Bois 155 cm x 114 cm.

 

La Tour de Babel - 1563 - BRUEGEL L'ancien

Analyse

Le tableau est peint par Bruegel à son retour en Flandre, après un séjour romain. Le sujet de La Tour de Babel est tiré du livre de la Genèse. Après le Déluge, les hommes, pour échapper à d’autres catastrophes, construisirent une tour dont le sommet devait pénétrer les cieux. Pour punir un tel orgueil, Dieu décida de confondre leurs langues de façon qu’ils ne puissent plus se comprendre, et les dispersa par toute la Terre, les empêchant ainsi de mener leur entreprise à bien.

La structure architecturale de la tour présente une base assez solide, mais la partie supérieure révèle des incohérences propres à rendre le projet irréalisable. Alors que le plan de la construction dérive traditionnellement de la ziggourat (tour-temple babylonienne), l’édifice représenté dans le tableau de Bruegel rappelle le Colisée. Les travaux — toute la composition est parsemée de petits personnages laborieux — sont surveillés directement par le roi Nemrod, le conquérant légendaire de Babylone, représenté au premier plan avec sa suite.

L’intention morale est claire : elle vise à condamner le progrès, la plus grande expression de l’orgueil humain. On a vu aussi, dans ce tableau une allusion à la situation politique et religieuse de l’époque. Nemrod peut être comparé à Philippe II dont le pouvoir autoritaire  s’impose par un régime répressif. Bruegel emprunte des thèmes chers à la Réforme en associant Babel à Rome et plus particulièrement à la Rome de papauté, au luxe et à l’orgueil ostentatoires. Certains voient en Bruegel un réformateur désireux, comme Érasme, de transformer l’Église de l’intérieur sans la quitter.

L’oeuvre
Le tableau est signé et daté. Il est mentionné pour la première fois en 1566 parmi les oeuvres de Nicolas Jongelinck. Il entre ensuite dans les collections de l’empereur germanique Rodolphe II et, en 1659, il est exposé dans la galerie de l’archiduc Léopold-Guillaume. Actuellement il est conservé au Kunsthistorisches Museum de Vienne, dont le noyau est constitué par la collection de la maison de Habsbourg.
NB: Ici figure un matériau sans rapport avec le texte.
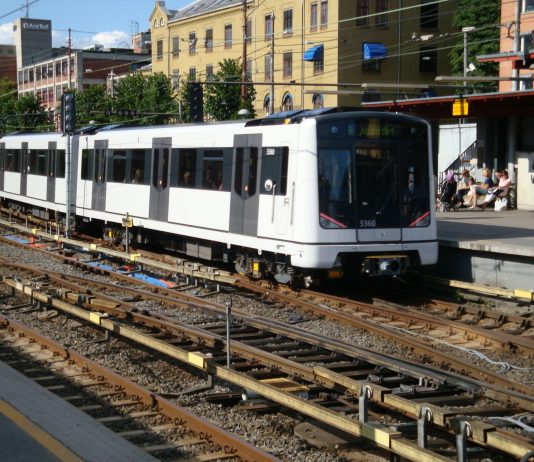 Kvinne tiltalt for hatefulle ytringer på T-bane i Oslo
Une seconde version, plus petite, dite La Petite Tour de Babel, est conservée au musée de Boymans-van Beuningen à Rotterdam.
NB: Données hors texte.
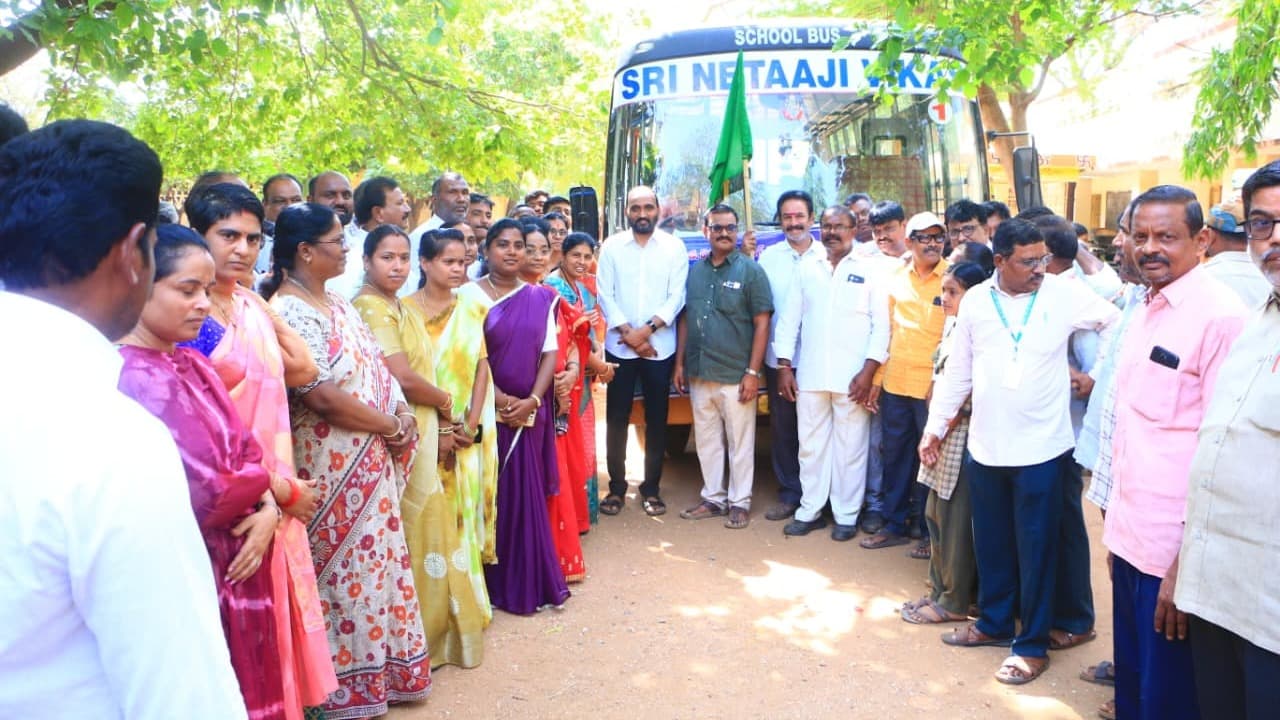 విద్యార్థుల సైన్స్ యాత్రకు శ్రీకారం చుట్టిన కాకర్ల సురేష్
Rodolphe II, admirateur de Bruegel

La collection de l’empereur Rodolphe II de Habsbourd (1552-1612) était conservée dans son château de Prague et comprenait de nombreuses oeuvres d’artistes flamands. Une dizaine d’autres chefs-d’oeuvre de Bruegel, en particulier, faisaient partie de cet ensemble.
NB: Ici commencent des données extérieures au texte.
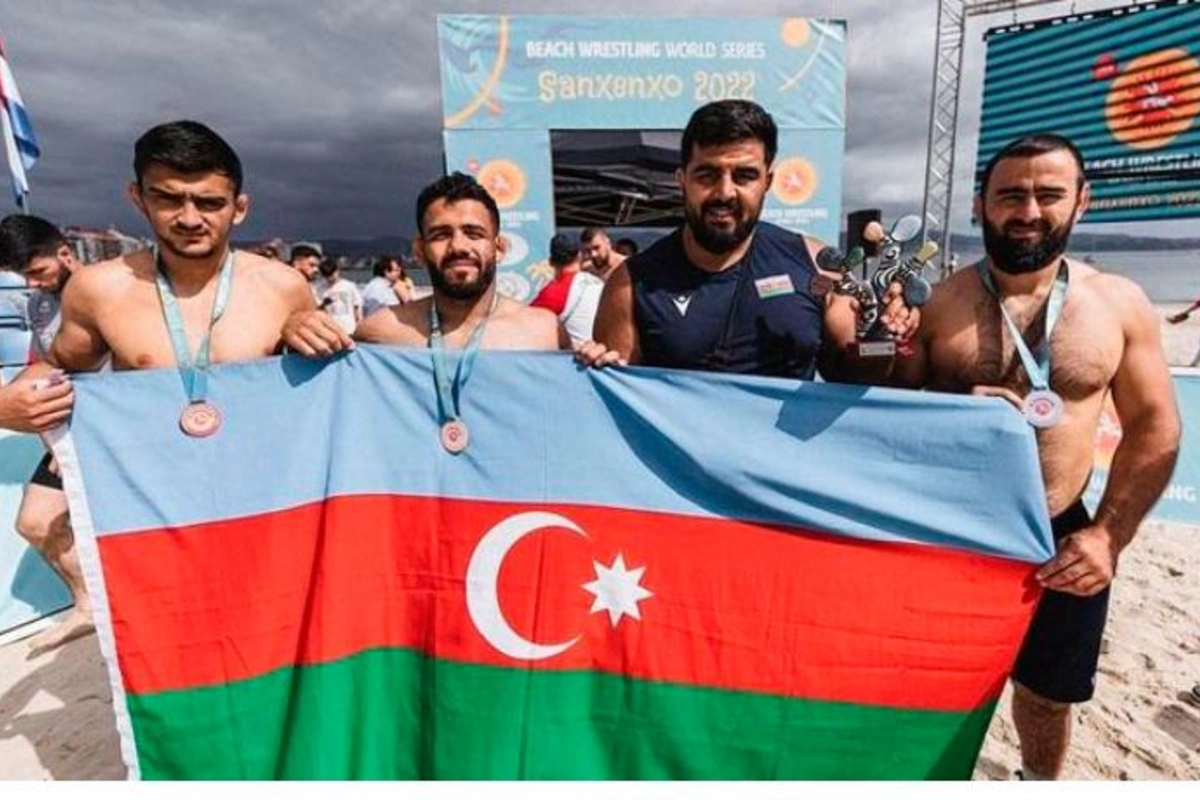 Güləşçimiz dünya çempionu oldu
Grâce au succès que Bruegel remporta à Prague, les portes de la cour s’ouvrirent à ses proches disciples comme Roelandt Savery, originaire de Courtrai, spécialiste des paysages alpins. Rares étaient les visiteurs admis à visiter la précieuse galerie du palais royal et Rodolphe II négligeait les affaire de l’ État pour se consacrer à plein temps à ses collections. Une telle passion conduisit sa famille à le déposer du trône de Bohême pour le remplacer par con frère Mathias.
Seules quelques oeuvres de la collection de Rodolphe II parvinrent à Vienne en 1612, après sa mort, et sont aujourd’hui au Kunsthistorisches Museum de la capitale autrichienne. Une bonne partie des tableaux, en effet, fut dispersé lors du pillage de Prague par les suédois en 1648.